Image-text web data:
==============================

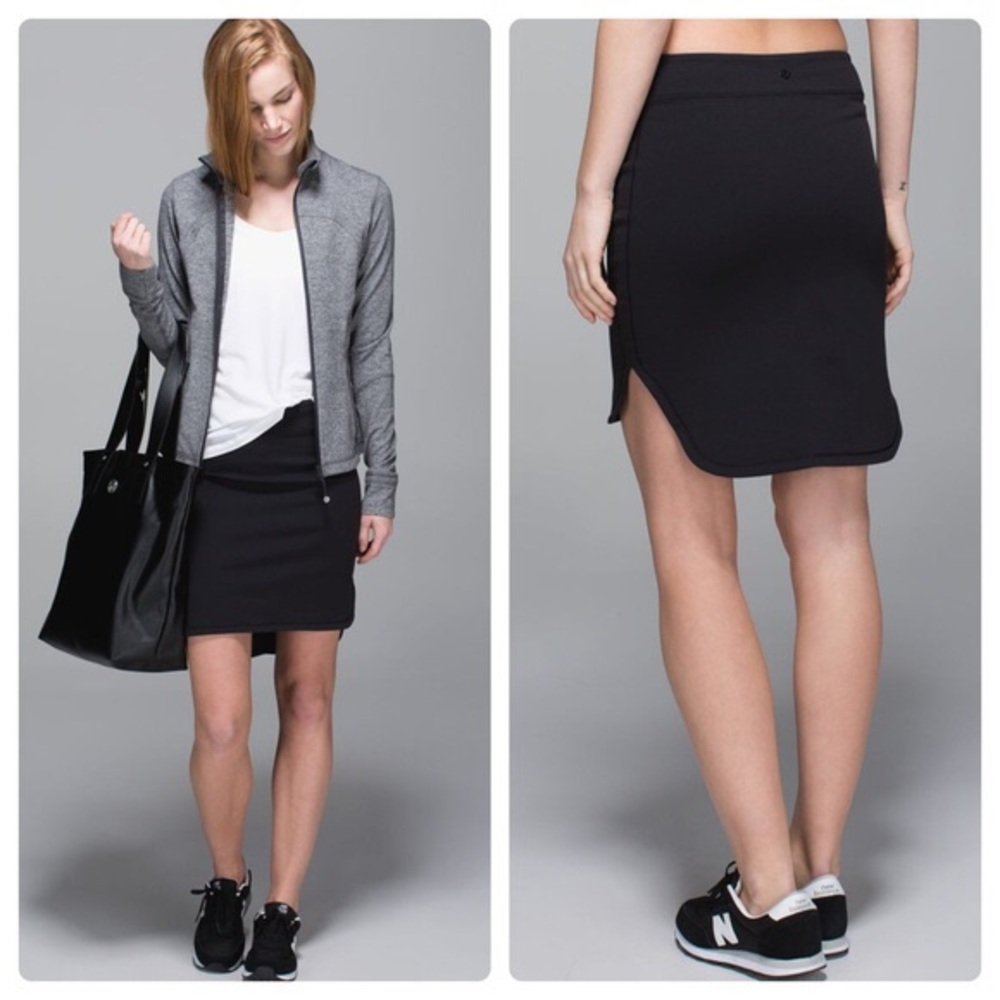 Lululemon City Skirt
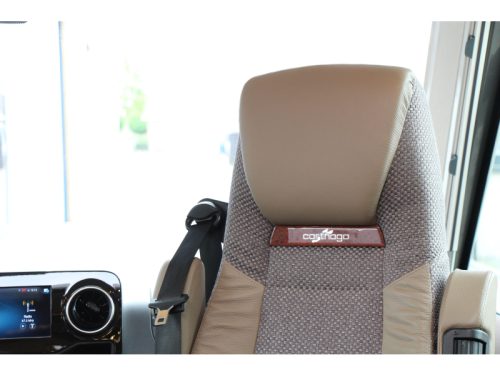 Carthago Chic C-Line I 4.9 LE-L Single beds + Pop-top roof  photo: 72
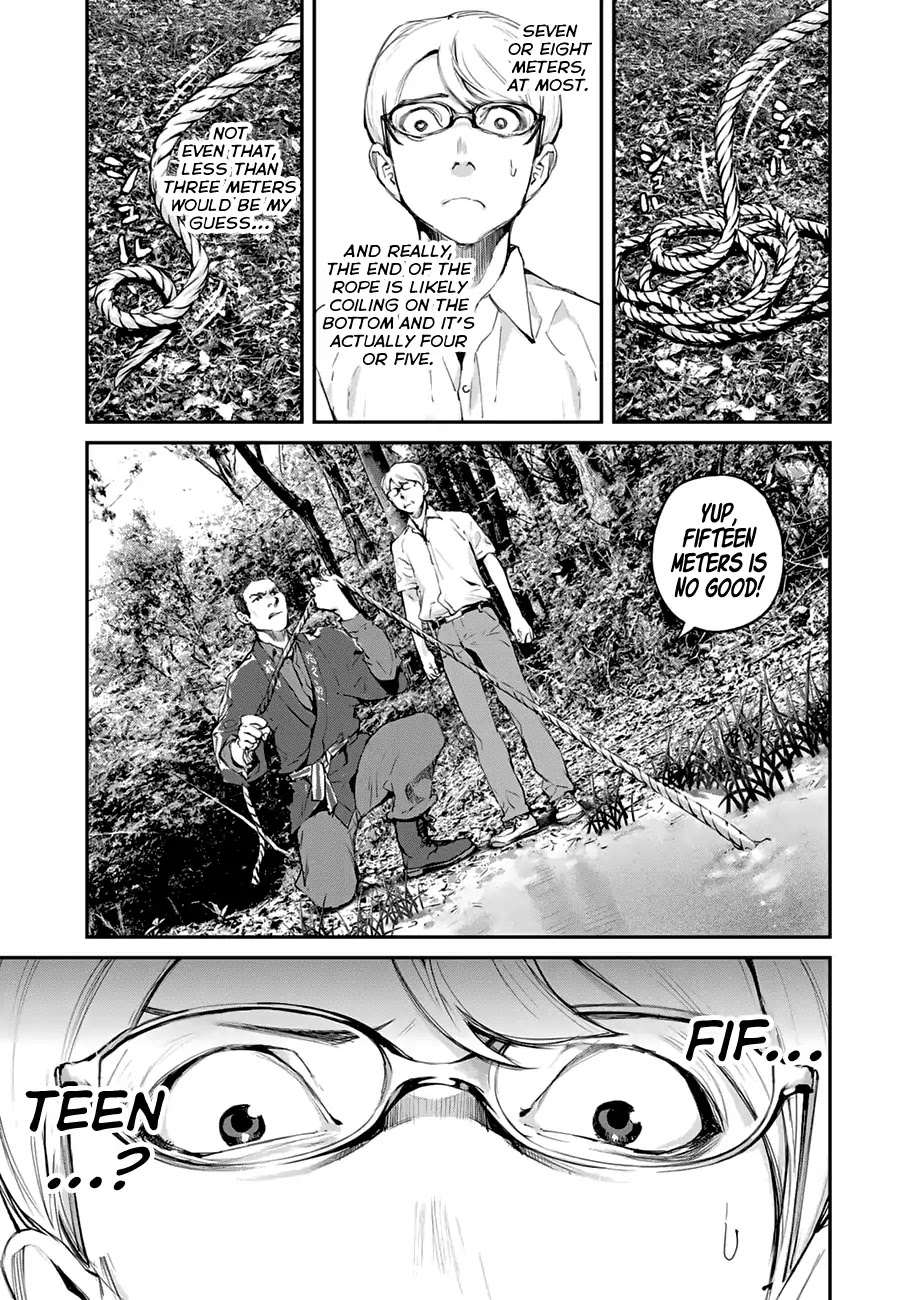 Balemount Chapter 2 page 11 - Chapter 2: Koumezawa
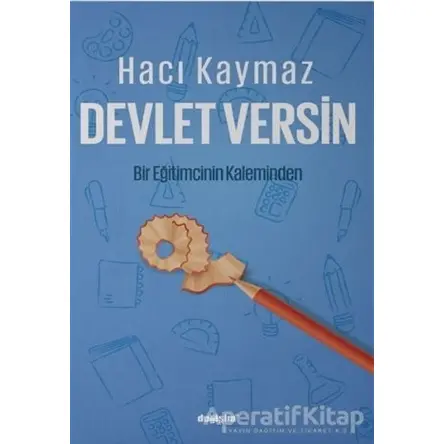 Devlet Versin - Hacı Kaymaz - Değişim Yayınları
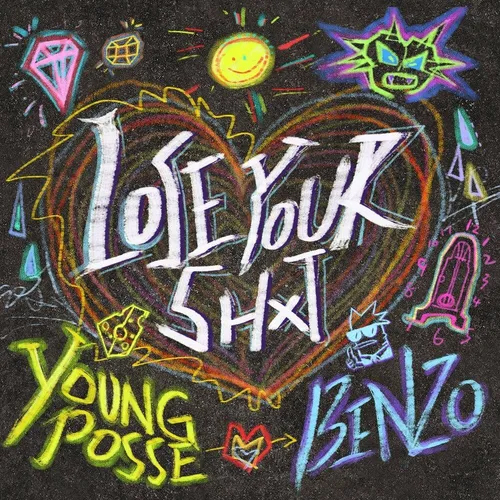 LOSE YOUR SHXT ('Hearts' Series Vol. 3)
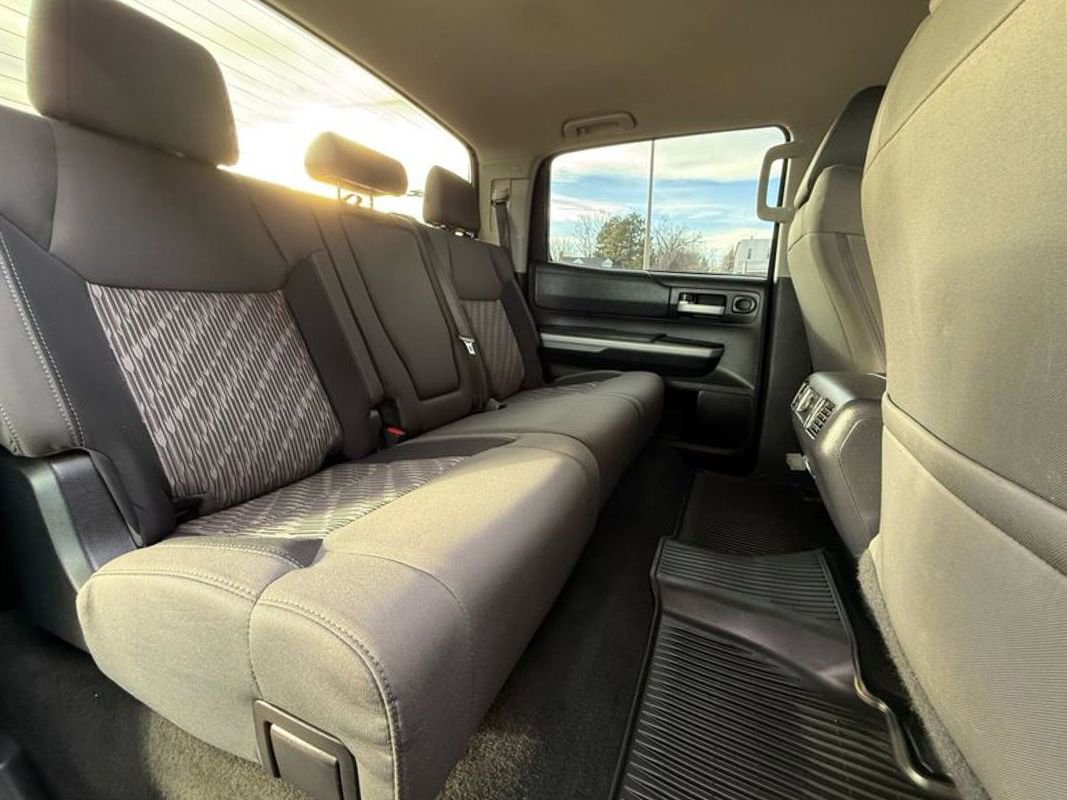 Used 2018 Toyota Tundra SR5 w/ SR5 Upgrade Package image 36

==============================

Exercise: Output the data exactly as it appears. The pictures do not belong in it.

Solution to this exercise:
 Lululemon City Skirt
 Carthago Chic C-Line I 4.9 LE-L Single beds + Pop-top roof  photo: 72
 Balemount Chapter 2 page 11 - Chapter 2: Koumezawa
 Devlet Versin - Hacı Kaymaz - Değişim Yayınları
 LOSE YOUR SHXT ('Hearts' Series Vol. 3)
 Used 2018 Toyota Tundra SR5 w/ SR5 Upgrade Package image 36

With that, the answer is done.